▸ REQUIRED ACTION
No line before the one holding "PPIPM's tweet photo." is wanted; restate word for word that line and all lines after it to the end of the entries, excluding pictures.

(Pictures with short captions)
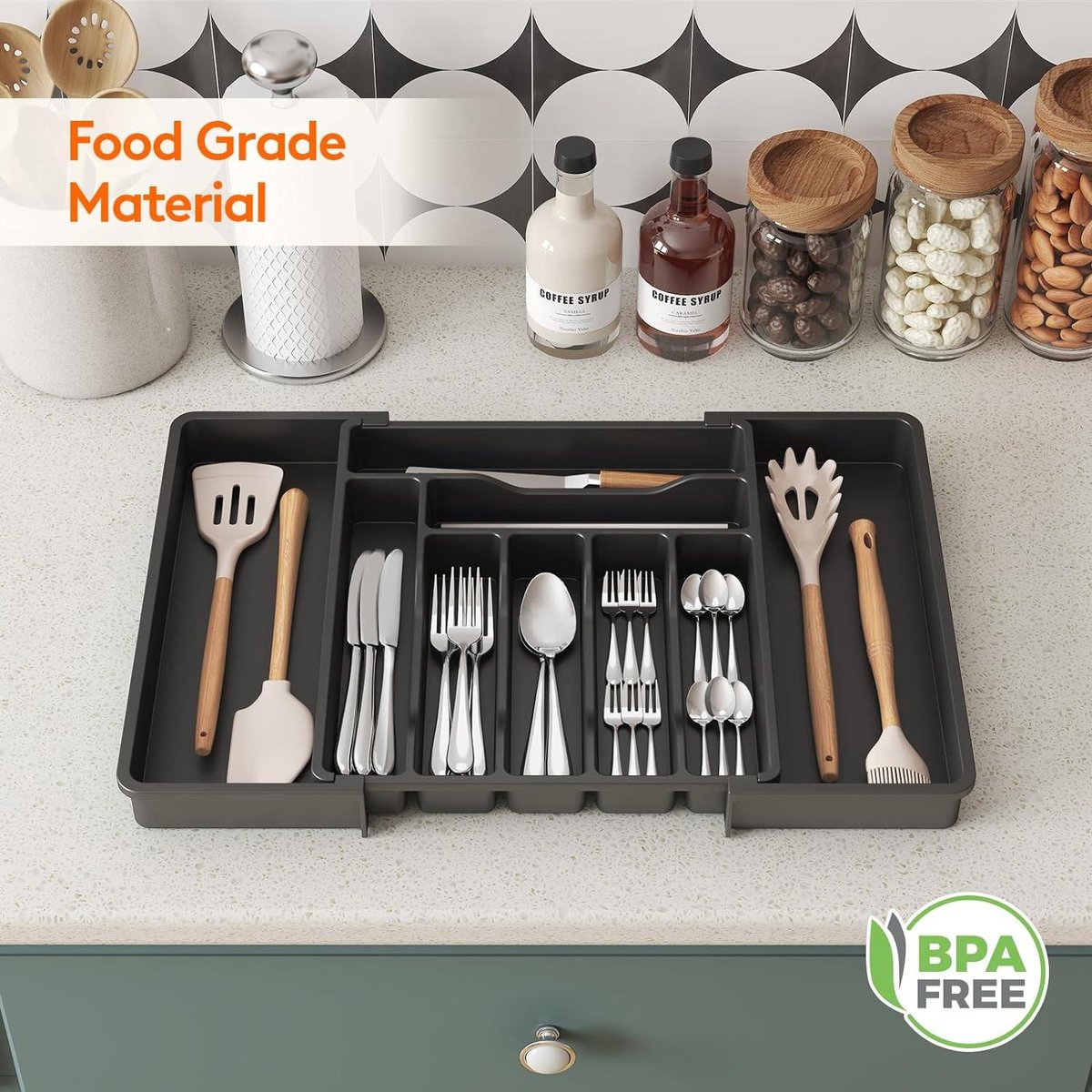 Lifewit Zilverwerk Organizer, Uitbreidbare Gebruiksvoorwerpen Tray voor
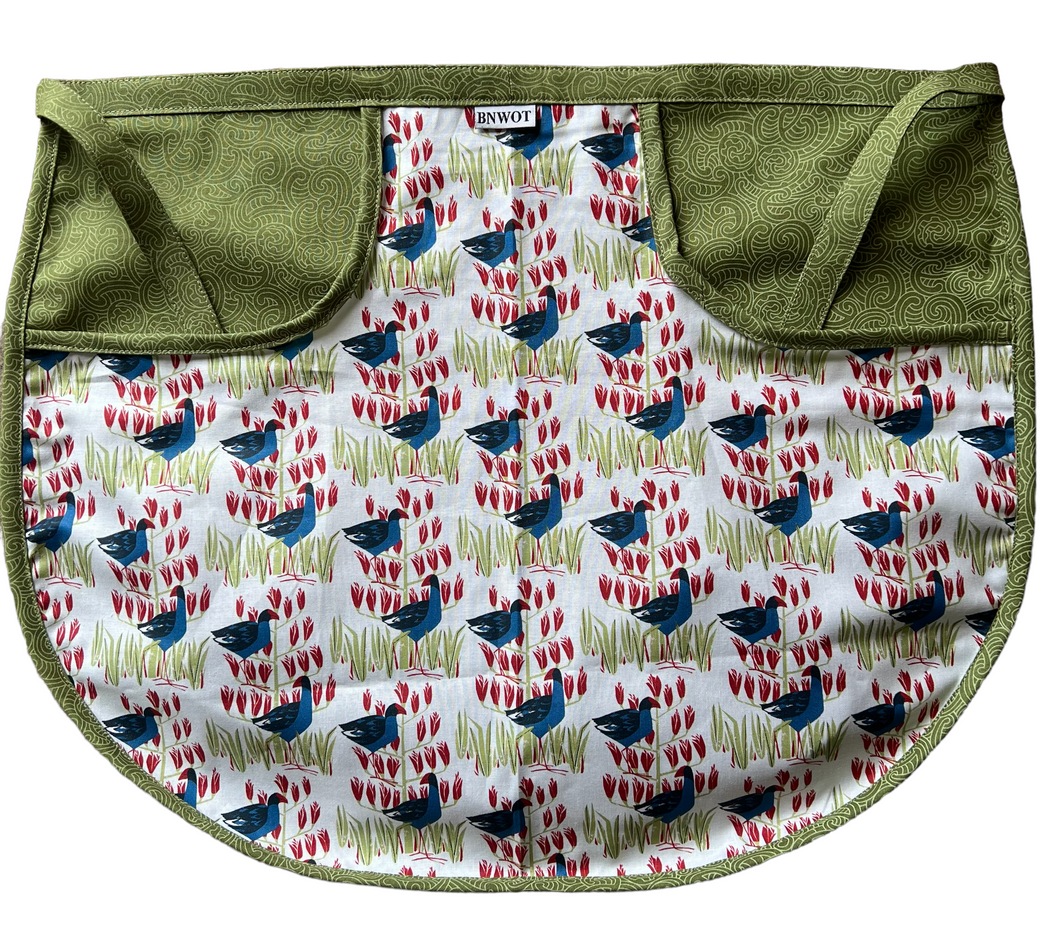 Peg Apron Pukeko Patch & Green Ponga Koru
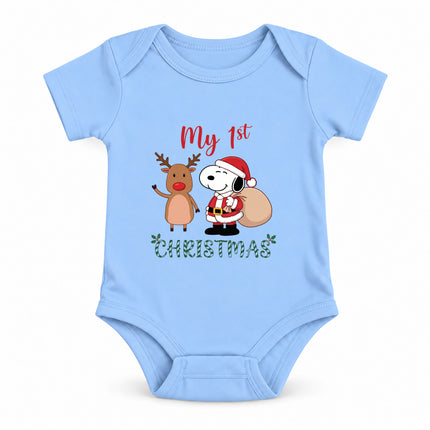 My First Christmas Reindeer Holiday Gift Sack Baby Bodysuit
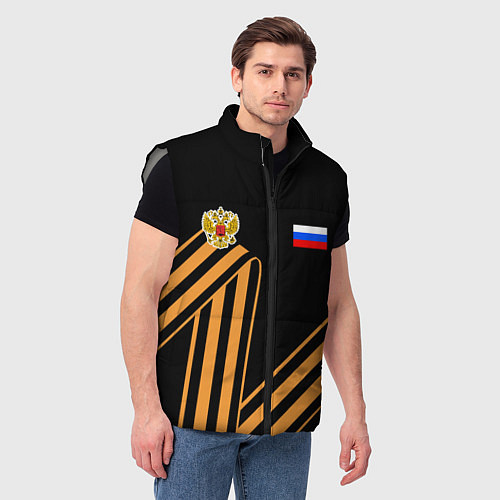 Мужской жилет Герб России - георгиевская лента / 3D-Светло-серый – фото 3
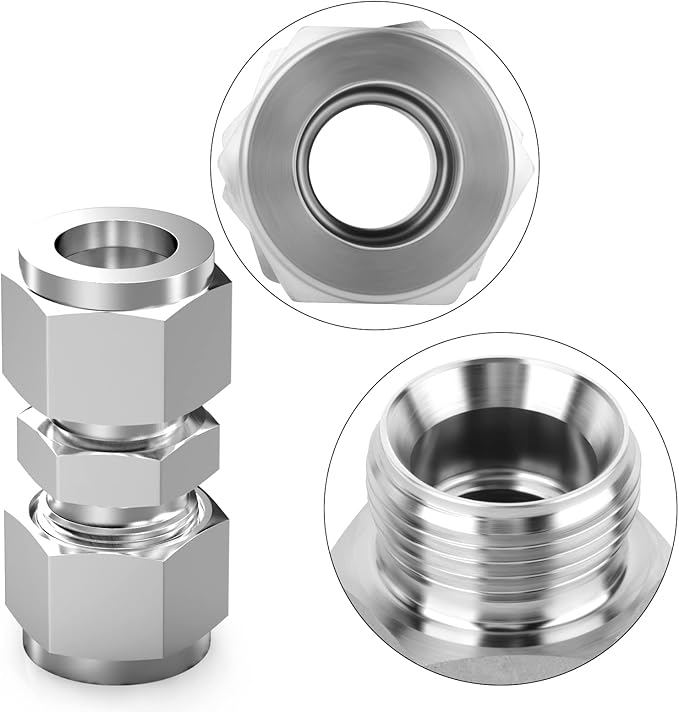 TAISHER 5PCS 304 Stainless Steel Compression Tube Pipe Fitting Connector, 1/4" Tube OD x 1/4" Tube OD Straight Adapter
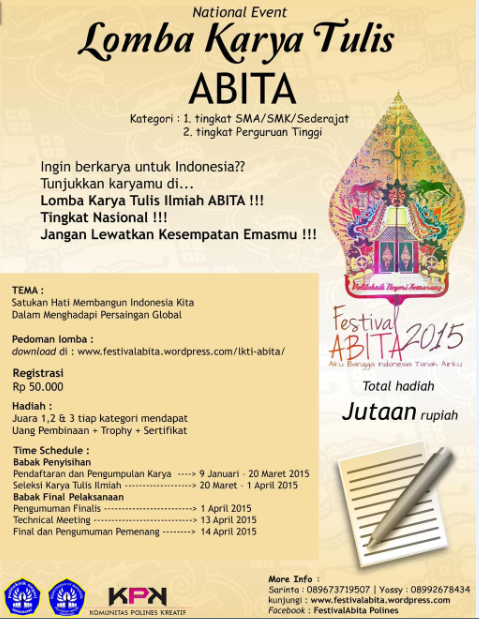 PPIPM's tweet photo. RT @FestivalABITA: LOMBA KARYA TULIS ILMIAH Tingkat Nasional Pelajar &amp; Mahasiswa Info > http://t.co/SVen3mNslr http://t.co/oxVlCavq8r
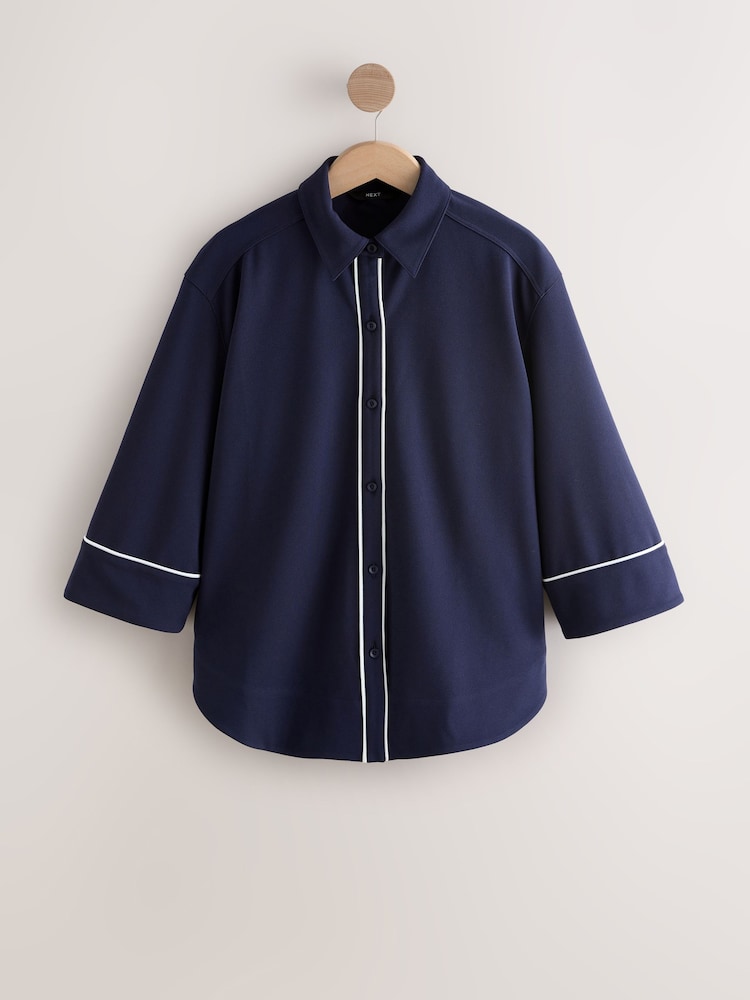 Navy Tipped Long Sleeve Polo Button Through Top - Image 1 of 3 Navy Tipped Long Sleeve Polo Button Through Top - Image 1 of 3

▸ EXERCISE OUTPUT
 PPIPM's tweet photo. RT @FestivalABITA: LOMBA KARYA TULIS ILMIAH Tingkat Nasional Pelajar &amp; Mahasiswa Info > http://t.co/SVen3mNslr http://t.co/oxVlCavq8r
 Navy Tipped Long Sleeve Polo Button Through Top - Image 1 of 3 Navy Tipped Long Sleeve Polo Button Through Top - Image 1 of 3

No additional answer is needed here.